Different Pain Treatment Options
Physical therapy (P.T.) is one of the essential needs of everyone with pain in order to develop a daily exercise program. Further therapy can maximize overall capability and improve the ability to function. The goals of therapy are three-fold. To work on overall strengthening and core muscles, aerobic conditioning, and stretching. Muscle strength allows one to be able to hold up the body and perform activities. Core muscles give the spine the ability to be upright, and most of us do not have good strength in these groups,and with a strong core, spine pain is much better controlled. Pain is often caused by tight muscles, so stretching keeps the muscles at the right length and decreases spasms. All three activities are necessary. It is like a three legged stool; Without doing one of the three, the stool tips over. You need all three bases to be stable.
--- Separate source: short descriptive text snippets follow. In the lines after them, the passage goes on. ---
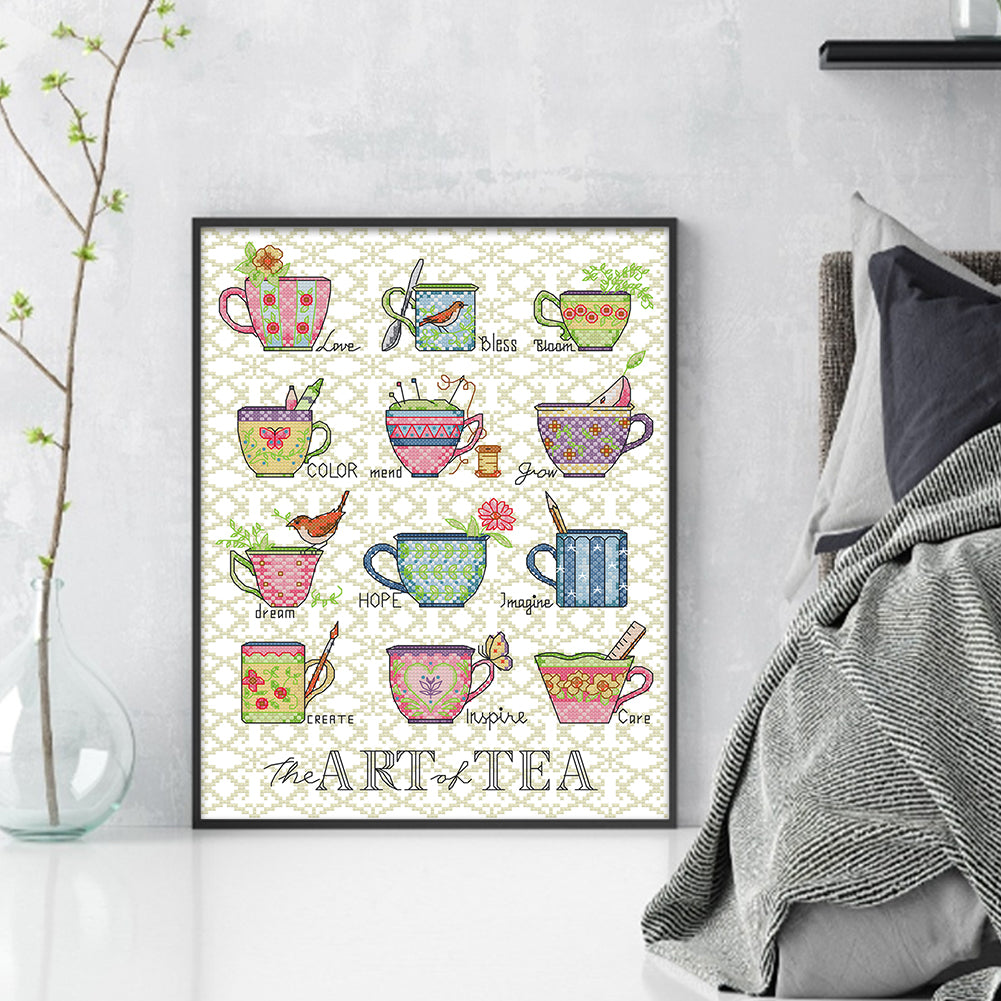 Art On A Teacup - 14CT Stamped Cross Stitch 30*38CM(Joy Sunday)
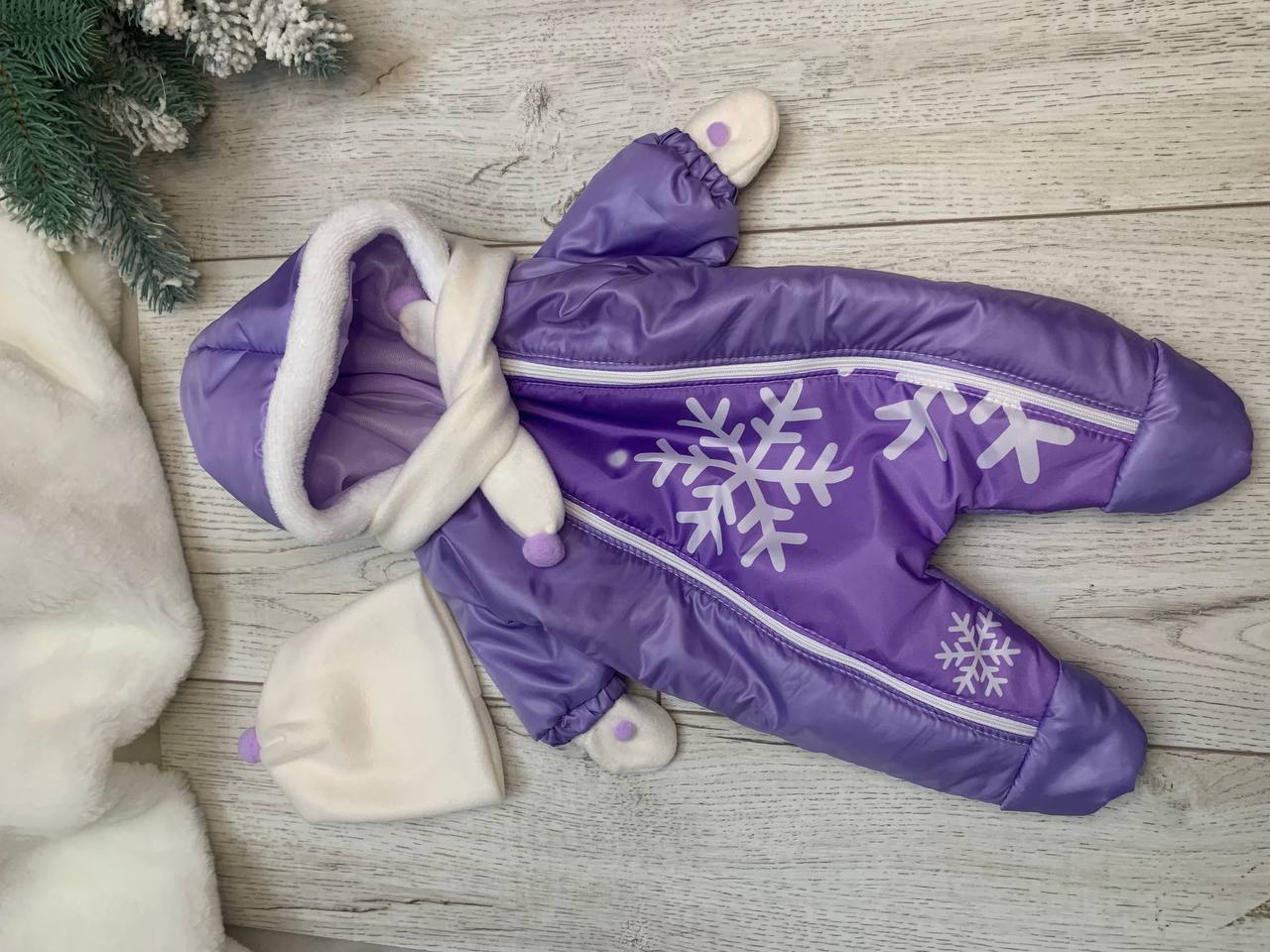 Одяг для Baby Born 43см: зимовий комбінезон в сніжинки ❆ фіалкового кольору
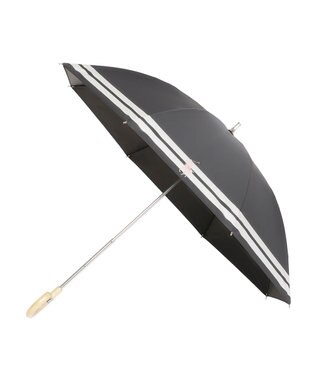 MOONBAT POLO RALPH LAUREN（ポロ ラルフローレン）晴雨兼用日傘 ボーダー ポロポニー 長傘 遮光率100％ 遮熱 UV ブラック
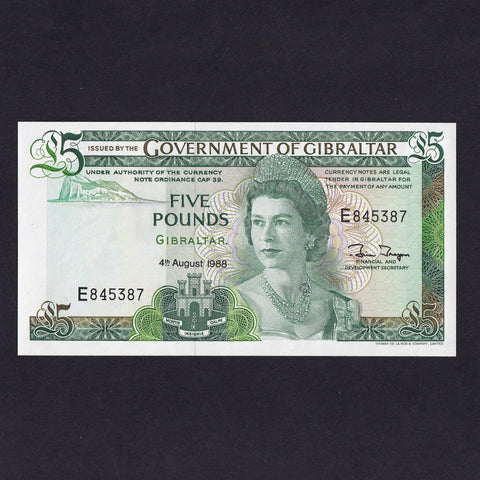 Gibraltar (P21b) £5, 4th August 1988, QEII, UNC
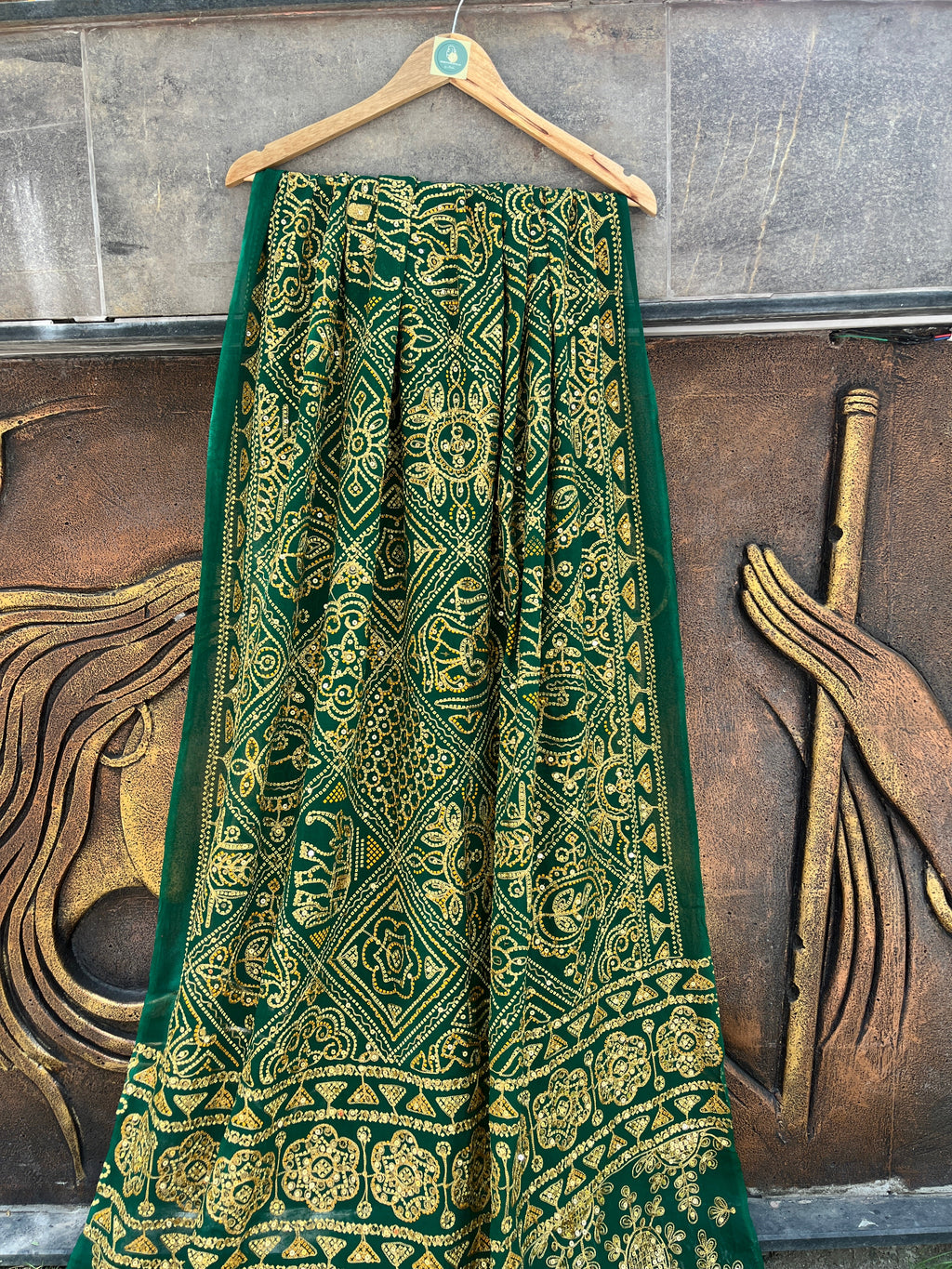GREEN VINTAGE WORK DUPATTA HANDMADEAHOLIC BY MISHKA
The next method is a behavioral health intervention, and the goal is to train the brain to help control the interpretation of sensory signals. The brain has incredible power to manage all the signals it receives. Pain sensations are specific sensory signals, and the interpretation of the signals can be consciously modified. Normally the brain would just read these sensory signals as painful. If the brain is receiving many painful sensory signals, a short circuit can occur and the pain can become centrally amplified and intensified. Using techniques taught by psychologists, one can learn to modify the perception of the pain signals and essentially ignore them. Multiple different techniques have been used successfully including progressive relaxation, self-hypnosis, mindfulness, cognitive behavioral therapy and distraction. Again, to be successful with any of these therapies, one has to be interested and willing to put in the time and effort to make the techniques work.
Acute and chronic pain can be very successfully treated and managed with a variety of techniques. Opioid medications in reality are only a very small tool to control these symptoms. Controlling the opioid misuse requires patients to move beyond the want for a simple solution that takes no work. Chronic pain is not well treated with opioids for the long-term. It takes time and effort to control chronic pain, if one does not put in the work, there likely will not be a good solution.